**How to complete this task**
Please restate each line of the data that follows word for word, skipping any image.

**Information provided**
----------

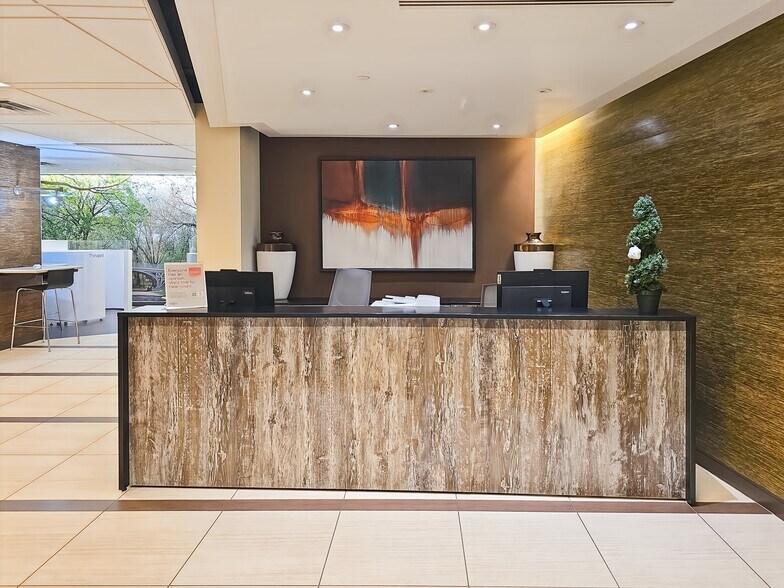 More Photos Of 600 Third Ave, New York Coworking Space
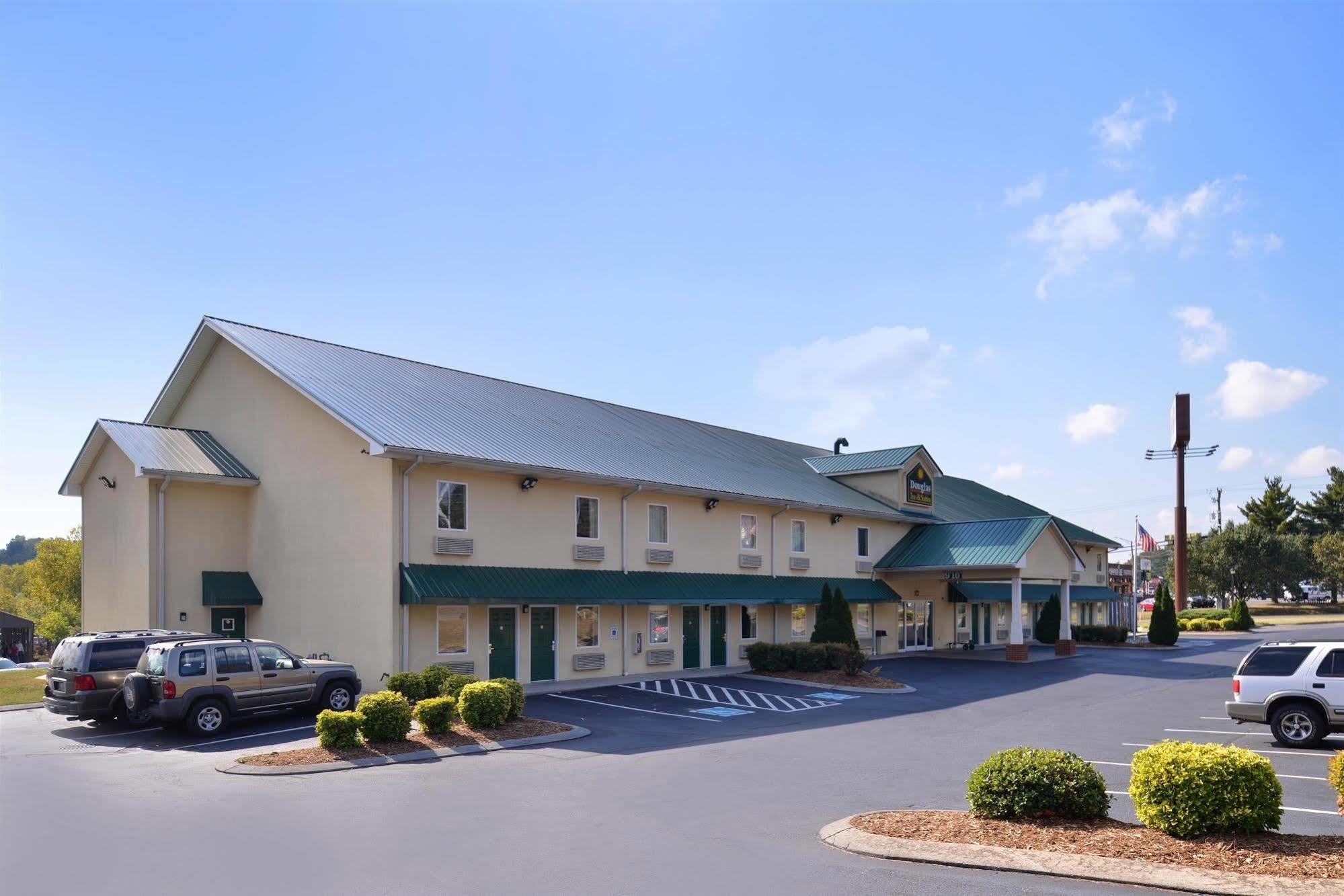 Douglas Inn & Suites Cleveland Esterno foto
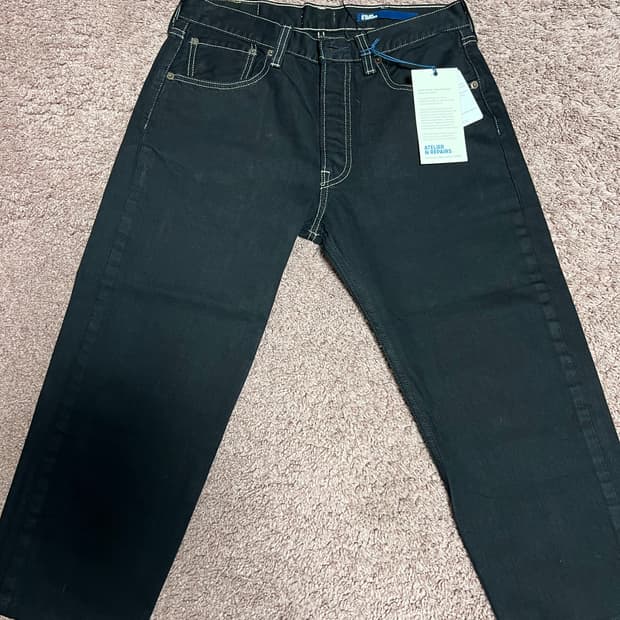 아뜰리에리페어 블랙 데님 팬츠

----------

**Task answer**
 More Photos Of 600 Third Ave, New York Coworking Space
 Douglas Inn & Suites Cleveland Esterno foto
 아뜰리에리페어 블랙 데님 팬츠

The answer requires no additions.